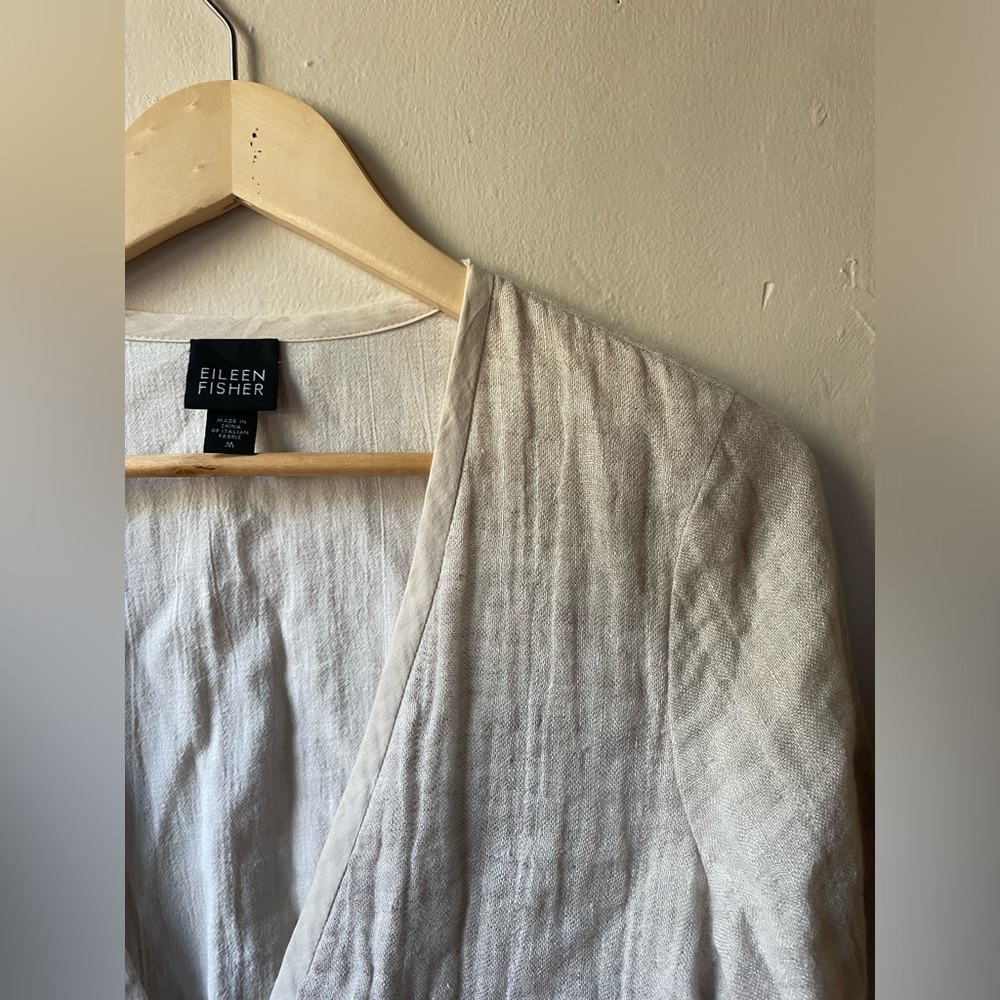 Eileen Fisher Linen Blend Jacket with Tie Front and Pocket Size Medium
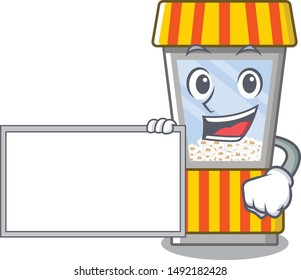 With board popcorn vending machine cartoon isolated mascot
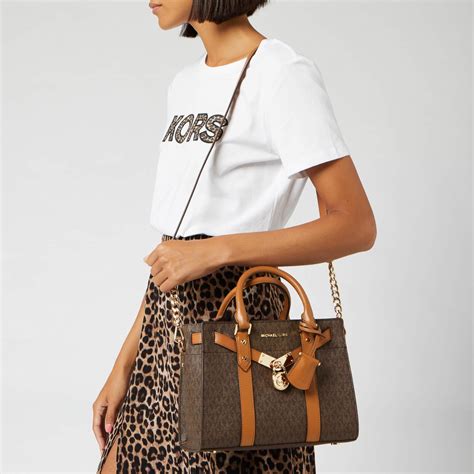 michael kors nouveau hamilton small logo and leather satchel|michael kors studded satchels.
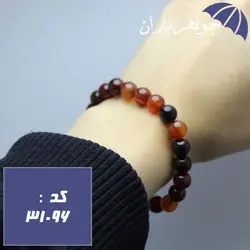 دستبند عقیق سلیمانی مهره ای کد 31096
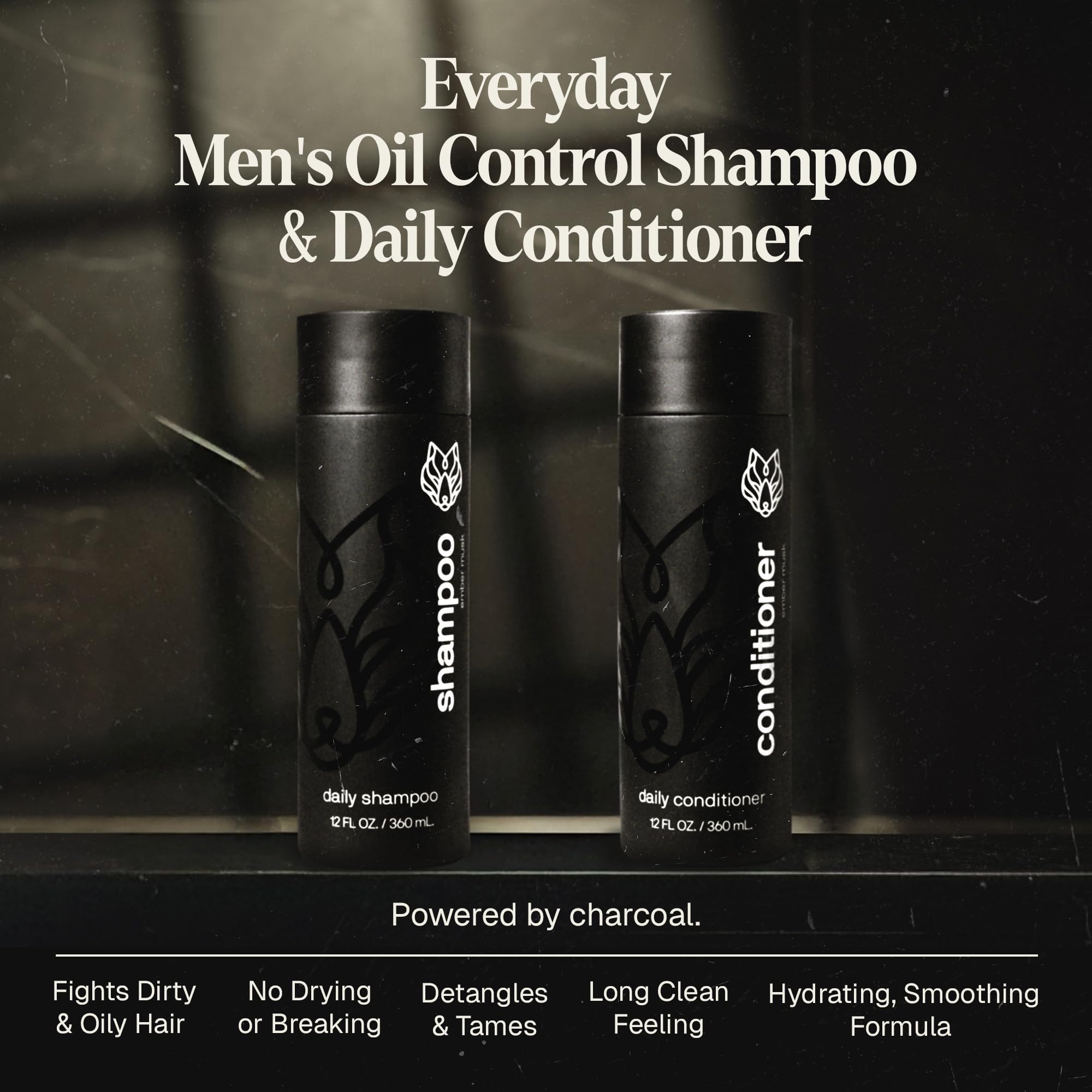 Black Wolf Conditioner bottle 12oz detangles and softens hair for easy styling.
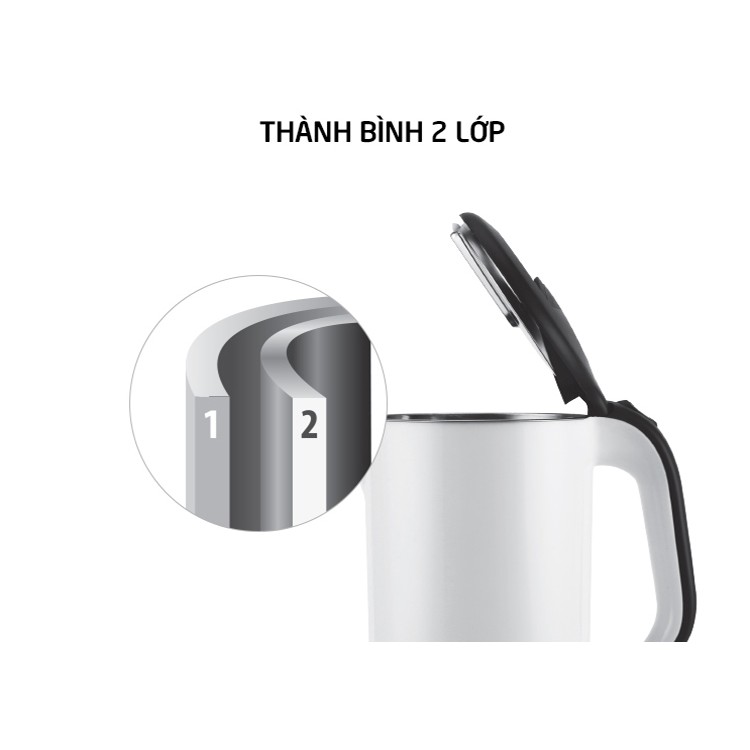 Bình Đun Siêu Tốc 2 lớp Lock&amp;Lock EJK738 (1.7L) - Vỏ nhựa PP an toàn -HÀNG CHÍNH HÃNG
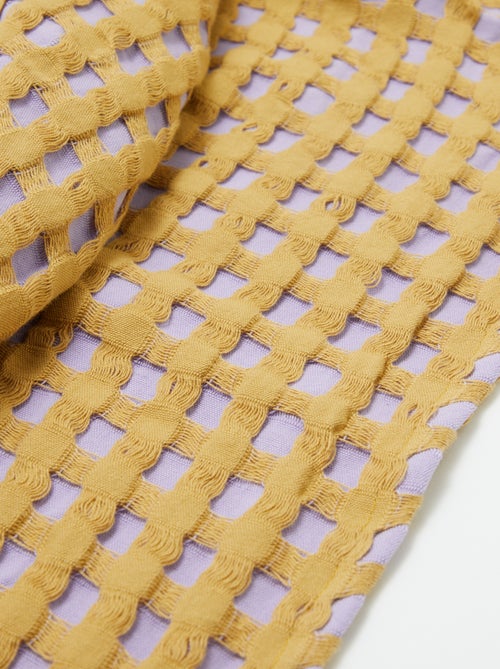 Plaid bicolore avec design gaufré (180 x 200 cm) - Kiabi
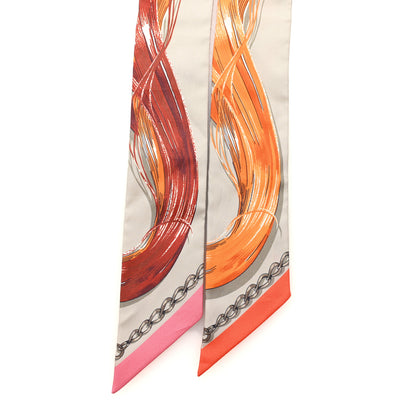 Hermes Silk Cavalcades Twilly Gris Perle Orange Acajou 2 of 4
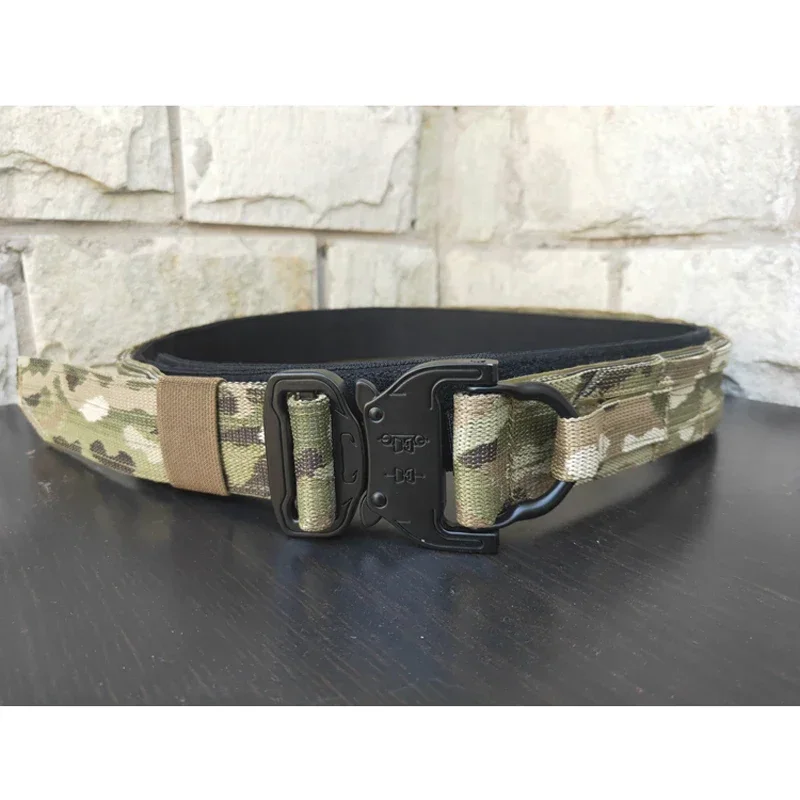 

Tactical Molle Belt Airsoft Camo Battle Belt Gear Combat Quick Release Metal Buckle Double Layer Waist Belt 1.5 Inch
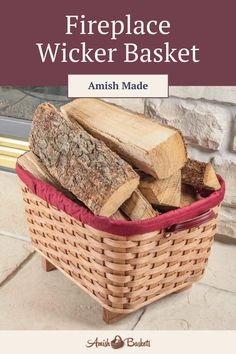 a basket filled with logs sitting on top of a floor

━━━━━━━━━━

Work order: Please output, exactly and with no pictures, only the lines from the one containing "Tactical Molle Belt" through the final line of the records above.

Answer space:
Tactical Molle Belt Airsoft Camo Battle Belt Gear Combat Quick Release Metal Buckle Double Layer Waist Belt 1.5 Inch
 a basket filled with logs sitting on top of a floor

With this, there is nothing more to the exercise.